#19 時代にあわせて旅をする
僕は普段はサラリーマンをしている身ですが、独身なこともあり、長期の休み、ゴールデンウィークや夏季休暇は、大体ひとり旅で海外のどこかを放浪しています。
ですが、コロナ禍であるこの1年と半年、海外旅行なんてとても出来ませんし、国内旅行だってちょっと憚られるような状態ですよね。
というわけで、僕が最近やってみているのが、
車中泊ひとり旅
です。
車にバックパックと寝袋とマットを積んで、道の駅なんかの24時間開放されている駐車場でひと晩過ごし、温泉入って現地の野菜なんかを買って帰ってくるという笑。
友人たちには、「ノマドランドの先駆者」「ついにいくところまでいってしまった」と嘲笑されたり心配されたりしているんですが、旅はできるし、ステイホームならぬステイカー状態だし、ほぼ誰とも接しないし、ほぼ誰とも喋らないし、独りだし泣、まさにコロナ禍が生んだ旅スタイルだと思っています。

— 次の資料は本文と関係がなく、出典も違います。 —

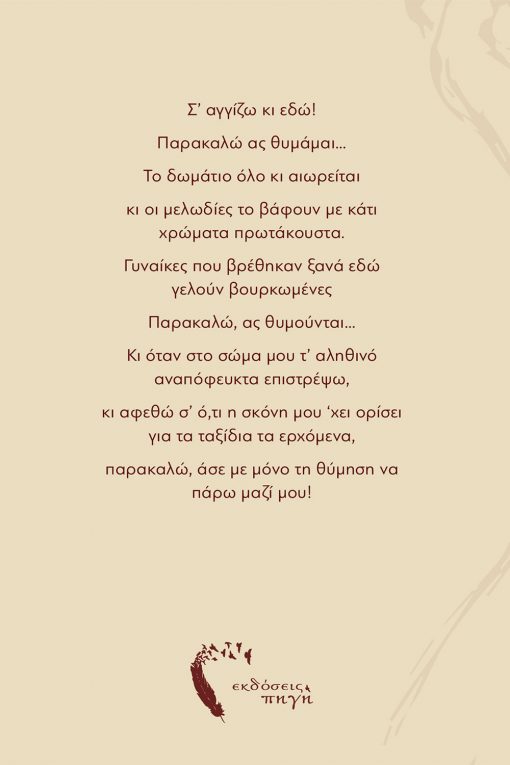 Ευτυχία Μανώλα, ΤΑ ΣΚΟΥΡΑ ΛΙΜΠΡΕΤΟ (Αύγουστος στην Αθήνα), Εκδόσεις Πηγή - www.pigi.gr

とはいえ、もともと車中泊旅を好む人はそれなりにいたと思いますし、いざやってみると道の駅などではキャンピングカーもよく見かけます。そういう新しい世界を垣間見ている状態なのです。
で、これ、やってみると案外悪くないんですよ。
特に、駐車場に車を停め、後部座席をフラットに倒し寝袋を用意し、ビールをプシュッといくときの、秘密基地感とでもいいましょうか。
子供の頃、押し入れに布団と漫画と電気を引っ張り入れた時のあのワクワク感、誰しもがあったのではないかと思います。
ここは大人の秘密基地や……!!
そして何もかもが気軽なんです。
旅というものは、自分の足で切り拓いてなんぼ、と思っている僕でも、実はこの気軽な車中泊は結構悪くない。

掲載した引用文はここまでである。